According to What does comparable mean in Elm? comparable is built-in type constraint that can be used to limit type variables to those built-in types that are, well, comparable. The following questions comes to mind (and are not so easy to find out):

  • what are the other type constraints that currently exists in Elm? Is there a list somewhere?
  • Is there a way how I can create my own type constraints? I presume that the answer is no, since Elm does not have any mechanism such as Haskell Typeclasses right now?
  • If the above is true (no custom type constraints), that does mean that the polymorphism is quite limited in Elm, doesn't it?
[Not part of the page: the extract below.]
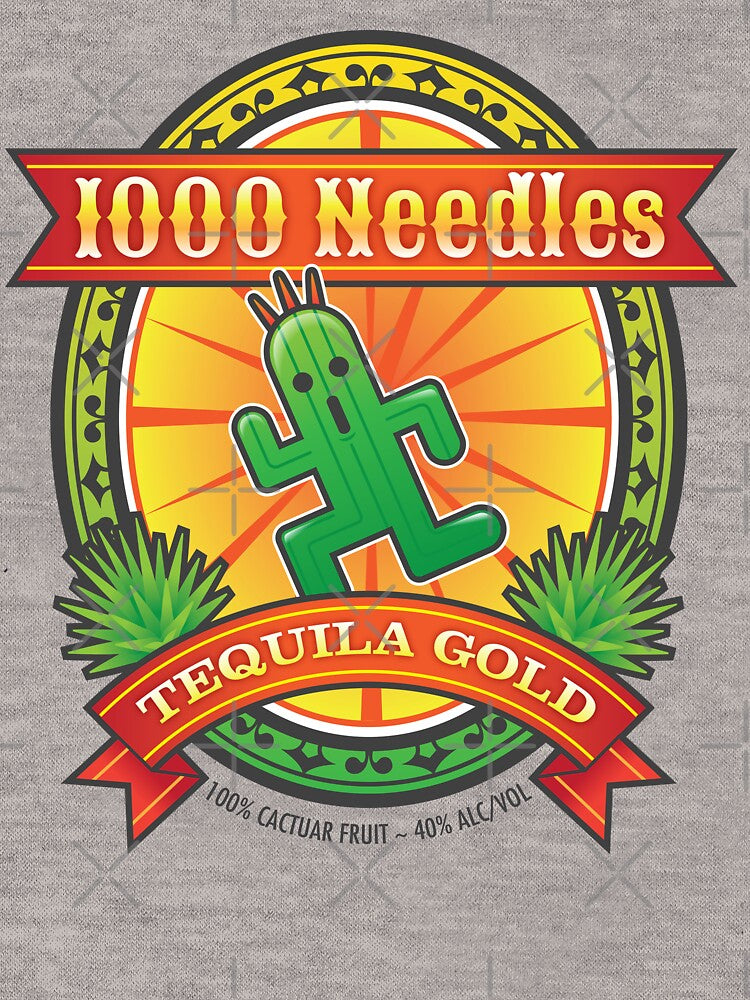 1,000 Needles Tequila by wonderjosh3000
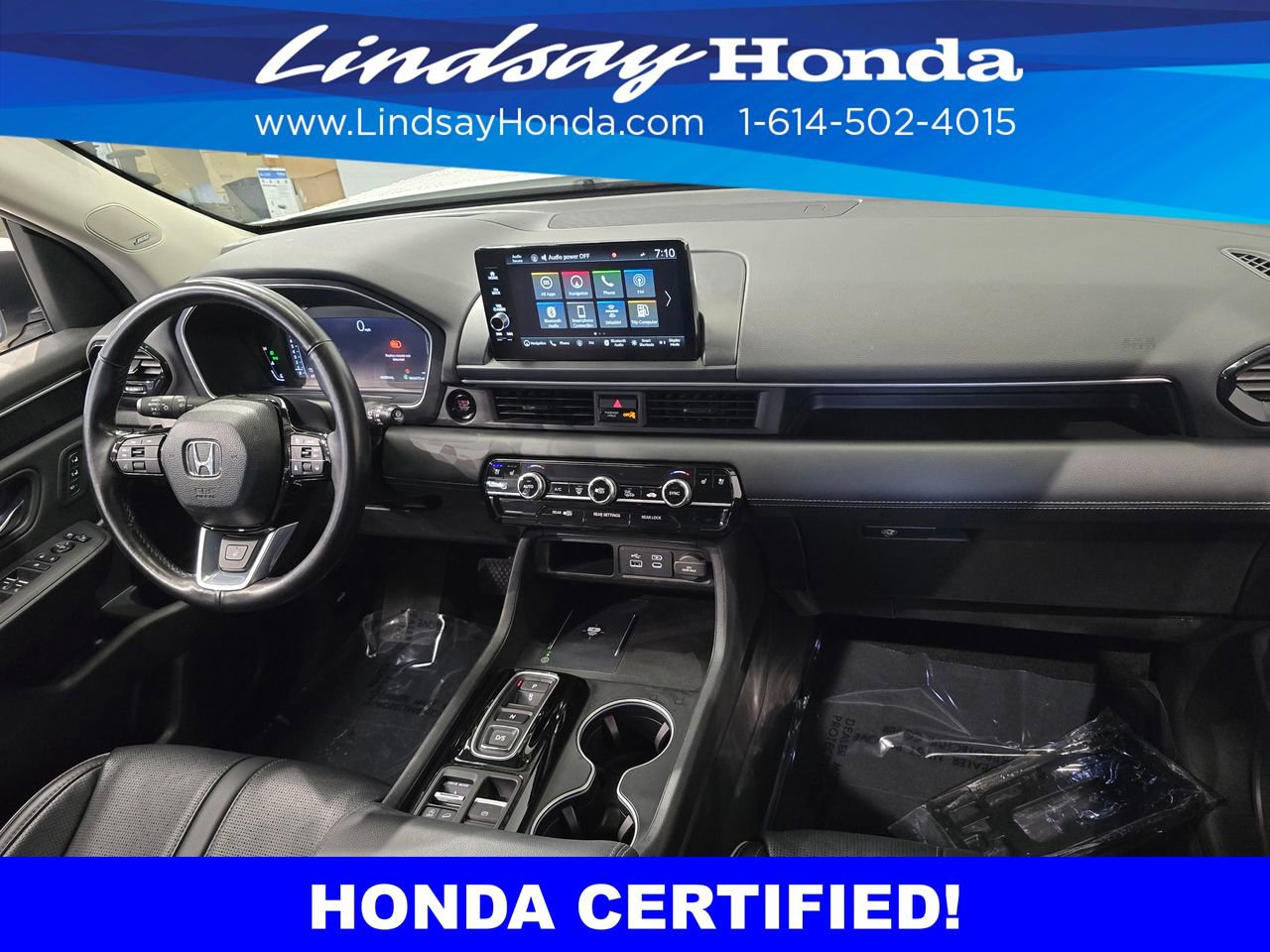 Certified 2023 Honda Pilot Elite image 12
For example, it seems that the following is not achievable right now: I want to create a function f that accepts List of elements (of a same but uncertain type) each of which can be used as an argument to some function g (i.e. f accepts List a and moreover inst being of type a implies that g(inst) makes sense)
1
Have you seen these two issues regarding type classes?pdexter
Yes, I saw both these. OTOH, I saw there is a concept such as comparable, so I wasn't sure, what's the status of this in Elm.Tomas Kulich

1 Answers

9
votes

Besides comparable (ints, floats, chars, strings, lists, and tuples) there are also appendable (strings, text, and lists) and number (ints and floats). I have not seen an authoritative list (outside of the compiler source).

There is no way to define similar typeclasses of your own.

Yes, this limits what functions you can write. No one has convinced Evan that this limit is a problem.